Provided information.
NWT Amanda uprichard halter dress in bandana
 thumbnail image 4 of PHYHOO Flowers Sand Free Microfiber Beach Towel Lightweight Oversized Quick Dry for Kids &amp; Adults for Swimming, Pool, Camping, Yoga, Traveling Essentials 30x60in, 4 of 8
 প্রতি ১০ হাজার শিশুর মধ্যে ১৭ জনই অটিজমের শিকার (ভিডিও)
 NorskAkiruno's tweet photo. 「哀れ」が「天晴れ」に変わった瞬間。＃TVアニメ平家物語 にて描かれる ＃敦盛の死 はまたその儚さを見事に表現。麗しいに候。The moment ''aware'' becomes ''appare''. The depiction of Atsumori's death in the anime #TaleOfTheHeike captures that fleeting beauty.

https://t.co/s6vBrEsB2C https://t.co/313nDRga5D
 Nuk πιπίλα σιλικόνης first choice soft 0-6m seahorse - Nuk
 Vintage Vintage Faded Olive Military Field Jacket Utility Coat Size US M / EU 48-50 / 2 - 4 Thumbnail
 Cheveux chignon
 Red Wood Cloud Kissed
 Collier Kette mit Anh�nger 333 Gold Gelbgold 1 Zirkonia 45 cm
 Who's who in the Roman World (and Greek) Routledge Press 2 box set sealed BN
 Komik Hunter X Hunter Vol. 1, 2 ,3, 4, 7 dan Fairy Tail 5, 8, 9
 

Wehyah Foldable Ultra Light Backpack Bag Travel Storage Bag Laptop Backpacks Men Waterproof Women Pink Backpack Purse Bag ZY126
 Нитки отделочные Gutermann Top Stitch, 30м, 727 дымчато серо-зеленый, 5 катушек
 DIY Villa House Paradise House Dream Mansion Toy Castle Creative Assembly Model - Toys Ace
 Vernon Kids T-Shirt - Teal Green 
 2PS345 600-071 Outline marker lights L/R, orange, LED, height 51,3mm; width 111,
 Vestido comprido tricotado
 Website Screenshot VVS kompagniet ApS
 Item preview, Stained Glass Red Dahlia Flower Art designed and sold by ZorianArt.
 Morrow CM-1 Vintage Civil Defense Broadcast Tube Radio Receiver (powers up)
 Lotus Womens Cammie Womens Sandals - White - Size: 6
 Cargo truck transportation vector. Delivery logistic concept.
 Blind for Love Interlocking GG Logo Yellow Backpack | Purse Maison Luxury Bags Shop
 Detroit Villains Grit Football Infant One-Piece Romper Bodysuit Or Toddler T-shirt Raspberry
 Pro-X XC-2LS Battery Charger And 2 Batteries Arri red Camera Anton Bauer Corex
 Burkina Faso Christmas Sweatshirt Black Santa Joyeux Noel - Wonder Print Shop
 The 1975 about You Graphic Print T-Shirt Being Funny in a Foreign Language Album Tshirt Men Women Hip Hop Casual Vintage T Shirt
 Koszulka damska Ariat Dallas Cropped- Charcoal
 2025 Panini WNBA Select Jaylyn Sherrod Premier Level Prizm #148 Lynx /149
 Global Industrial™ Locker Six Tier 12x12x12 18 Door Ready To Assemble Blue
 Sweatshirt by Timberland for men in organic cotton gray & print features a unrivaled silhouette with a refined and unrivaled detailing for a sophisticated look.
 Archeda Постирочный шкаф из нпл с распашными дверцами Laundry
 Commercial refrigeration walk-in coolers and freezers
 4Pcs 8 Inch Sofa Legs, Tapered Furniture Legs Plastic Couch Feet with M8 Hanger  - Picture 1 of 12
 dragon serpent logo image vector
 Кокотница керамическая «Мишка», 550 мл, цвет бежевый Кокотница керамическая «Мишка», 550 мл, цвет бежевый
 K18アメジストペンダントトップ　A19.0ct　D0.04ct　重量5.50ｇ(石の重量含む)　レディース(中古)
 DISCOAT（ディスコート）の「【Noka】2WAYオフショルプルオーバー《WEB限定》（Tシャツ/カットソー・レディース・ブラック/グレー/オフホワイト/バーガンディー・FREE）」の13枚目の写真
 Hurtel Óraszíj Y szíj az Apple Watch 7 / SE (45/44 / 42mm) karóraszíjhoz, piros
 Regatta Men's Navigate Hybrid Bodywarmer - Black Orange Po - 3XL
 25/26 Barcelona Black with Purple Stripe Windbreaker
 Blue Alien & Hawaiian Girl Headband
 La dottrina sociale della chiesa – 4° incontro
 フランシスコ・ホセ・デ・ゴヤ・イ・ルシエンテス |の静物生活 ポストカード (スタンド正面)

Goal of the exercise. Would you output the material above once more, exactly as given?

Answer to this task.
NWT Amanda uprichard halter dress in bandana
 thumbnail image 4 of PHYHOO Flowers Sand Free Microfiber Beach Towel Lightweight Oversized Quick Dry for Kids &amp; Adults for Swimming, Pool, Camping, Yoga, Traveling Essentials 30x60in, 4 of 8
 প্রতি ১০ হাজার শিশুর মধ্যে ১৭ জনই অটিজমের শিকার (ভিডিও)
 NorskAkiruno's tweet photo. 「哀れ」が「天晴れ」に変わった瞬間。＃TVアニメ平家物語 にて描かれる ＃敦盛の死 はまたその儚さを見事に表現。麗しいに候。The moment ''aware'' becomes ''appare''. The depiction of Atsumori's death in the anime #TaleOfTheHeike captures that fleeting beauty.

https://t.co/s6vBrEsB2C https://t.co/313nDRga5D
 Nuk πιπίλα σιλικόνης first choice soft 0-6m seahorse - Nuk
 Vintage Vintage Faded Olive Military Field Jacket Utility Coat Size US M / EU 48-50 / 2 - 4 Thumbnail
 Cheveux chignon
 Red Wood Cloud Kissed
 Collier Kette mit Anh�nger 333 Gold Gelbgold 1 Zirkonia 45 cm
 Who's who in the Roman World (and Greek) Routledge Press 2 box set sealed BN
 Komik Hunter X Hunter Vol. 1, 2 ,3, 4, 7 dan Fairy Tail 5, 8, 9
 

Wehyah Foldable Ultra Light Backpack Bag Travel Storage Bag Laptop Backpacks Men Waterproof Women Pink Backpack Purse Bag ZY126
 Нитки отделочные Gutermann Top Stitch, 30м, 727 дымчато серо-зеленый, 5 катушек
 DIY Villa House Paradise House Dream Mansion Toy Castle Creative Assembly Model - Toys Ace
 Vernon Kids T-Shirt - Teal Green 
 2PS345 600-071 Outline marker lights L/R, orange, LED, height 51,3mm; width 111,
 Vestido comprido tricotado
 Website Screenshot VVS kompagniet ApS
 Item preview, Stained Glass Red Dahlia Flower Art designed and sold by ZorianArt.
 Morrow CM-1 Vintage Civil Defense Broadcast Tube Radio Receiver (powers up)
 Lotus Womens Cammie Womens Sandals - White - Size: 6
 Cargo truck transportation vector. Delivery logistic concept.
 Blind for Love Interlocking GG Logo Yellow Backpack | Purse Maison Luxury Bags Shop
 Detroit Villains Grit Football Infant One-Piece Romper Bodysuit Or Toddler T-shirt Raspberry
 Pro-X XC-2LS Battery Charger And 2 Batteries Arri red Camera Anton Bauer Corex
 Burkina Faso Christmas Sweatshirt Black Santa Joyeux Noel - Wonder Print Shop
 The 1975 about You Graphic Print T-Shirt Being Funny in a Foreign Language Album Tshirt Men Women Hip Hop Casual Vintage T Shirt
 Koszulka damska Ariat Dallas Cropped- Charcoal
 2025 Panini WNBA Select Jaylyn Sherrod Premier Level Prizm #148 Lynx /149
 Global Industrial™ Locker Six Tier 12x12x12 18 Door Ready To Assemble Blue
 Sweatshirt by Timberland for men in organic cotton gray & print features a unrivaled silhouette with a refined and unrivaled detailing for a sophisticated look.
 Archeda Постирочный шкаф из нпл с распашными дверцами Laundry
 Commercial refrigeration walk-in coolers and freezers
 4Pcs 8 Inch Sofa Legs, Tapered Furniture Legs Plastic Couch Feet with M8 Hanger  - Picture 1 of 12
 dragon serpent logo image vector
 Кокотница керамическая «Мишка», 550 мл, цвет бежевый Кокотница керамическая «Мишка», 550 мл, цвет бежевый
 K18アメジストペンダントトップ　A19.0ct　D0.04ct　重量5.50ｇ(石の重量含む)　レディース(中古)
 DISCOAT（ディスコート）の「【Noka】2WAYオフショルプルオーバー《WEB限定》（Tシャツ/カットソー・レディース・ブラック/グレー/オフホワイト/バーガンディー・FREE）」の13枚目の写真
 Hurtel Óraszíj Y szíj az Apple Watch 7 / SE (45/44 / 42mm) karóraszíjhoz, piros
 Regatta Men's Navigate Hybrid Bodywarmer - Black Orange Po - 3XL
 25/26 Barcelona Black with Purple Stripe Windbreaker
 Blue Alien & Hawaiian Girl Headband
 La dottrina sociale della chiesa – 4° incontro
 フランシスコ・ホセ・デ・ゴヤ・イ・ルシエンテス |の静物生活 ポストカード (スタンド正面)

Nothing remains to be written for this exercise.